Mr. Price joined Evidera in 2018 after spending 20 years of his career in the healthcare industry serving in successive leadership positions within GE, Sunovion (Sepracor), Novartis, and Pfizer. As a seasoned commercial executive, he uses his extensive experience in building and leading teams to ensure that Evidera creates client value by leveraging its expertise to provide evidence-based solutions to life science organizations.

Prior to joining Evidera, Mr. Price served as the commercial leader for centricity perinatal for GE Healthcare Digital and prior to that he was the general manager of commercial operations for GE Healthcare Digital Americas. He also served as commercial integration leader after the acquisition of API Healthcare by GE and held other leadership roles after joining GE through the Experienced Commercial Leadership Program.

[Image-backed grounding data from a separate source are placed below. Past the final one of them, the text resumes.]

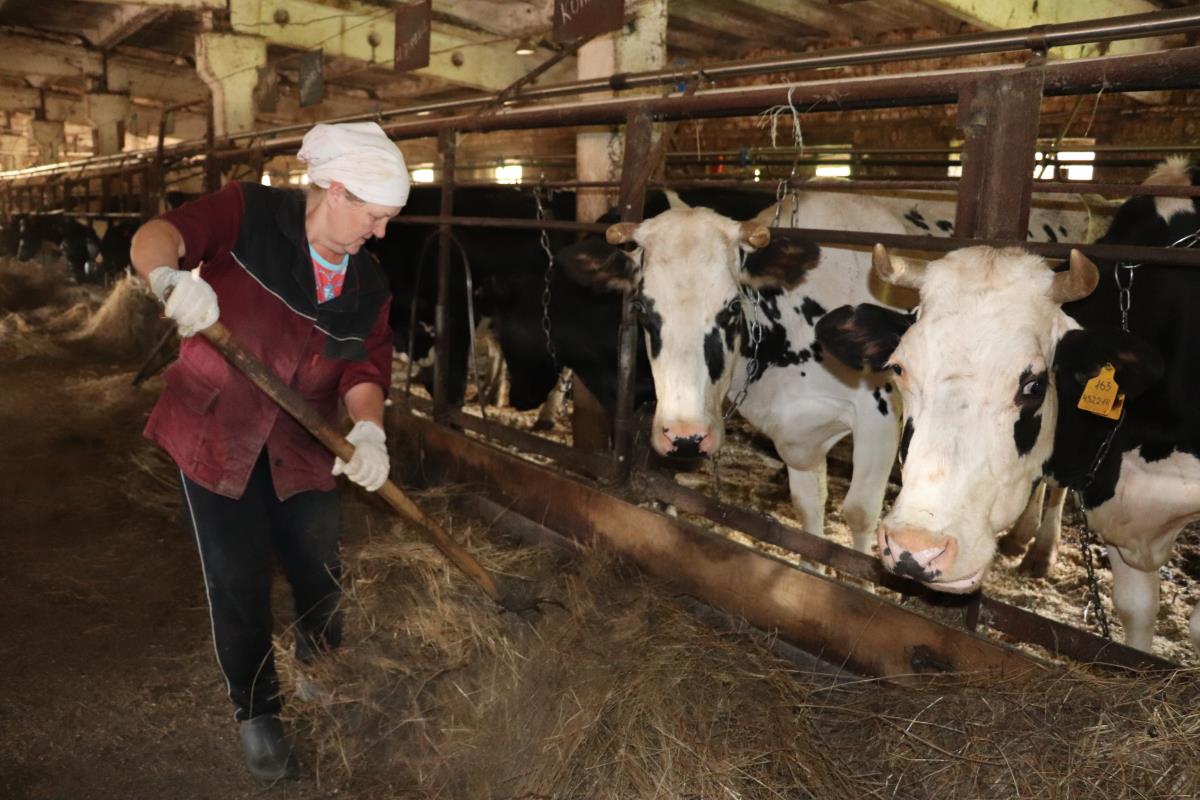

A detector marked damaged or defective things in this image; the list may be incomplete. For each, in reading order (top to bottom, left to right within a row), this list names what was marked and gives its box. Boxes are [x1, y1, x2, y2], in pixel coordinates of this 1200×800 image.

rusty metal bar [429, 128, 451, 422]
rusty metal bar [955, 70, 1041, 239]
rusty metal bar [398, 410, 1046, 681]
rusty metal bar [643, 472, 1176, 671] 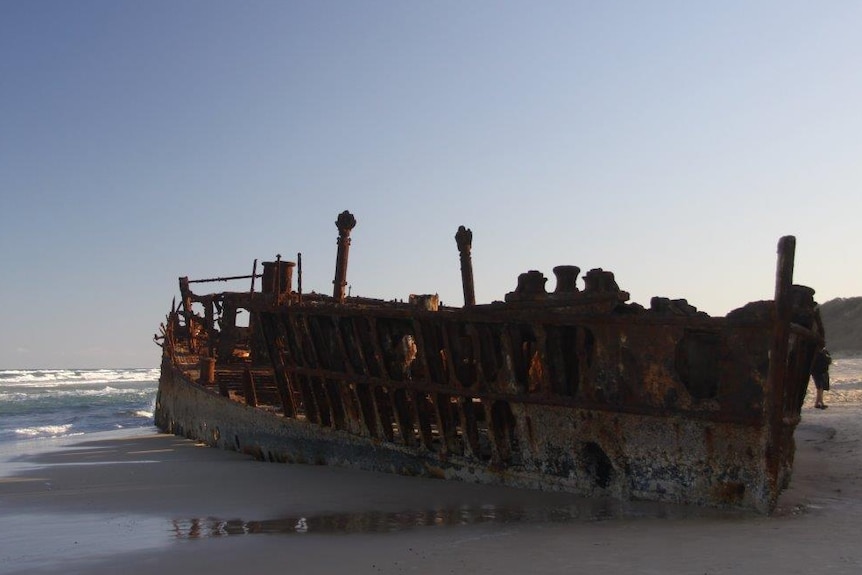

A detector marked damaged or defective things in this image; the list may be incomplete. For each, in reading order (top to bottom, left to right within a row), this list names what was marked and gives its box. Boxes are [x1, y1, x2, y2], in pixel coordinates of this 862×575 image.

rusted pipe [332, 210, 356, 302]
rusted pipe [456, 225, 476, 308]
rusted shipwreck [154, 210, 824, 512]
rusted steel hull [154, 218, 824, 516]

Mr. Price received his Bachelor of Arts in political science at Norwich University (Military College of Vermont) and a Master of Business Administration degree from the University of Chicago Booth School of Business.

Charles G. Tharp is Professor of the Practice in the Management and Organizations Department, Boston University Questrom School of Business, and a Fellow and Research Scholar in the Human Resource Policy Institute. Charles is a former head of HR at Bristol-Myers Squibb and EVP at Saks. Inc, and has served in HR roles at GE, PepsiCo, Pillsbury, and Connecticut General Insurance.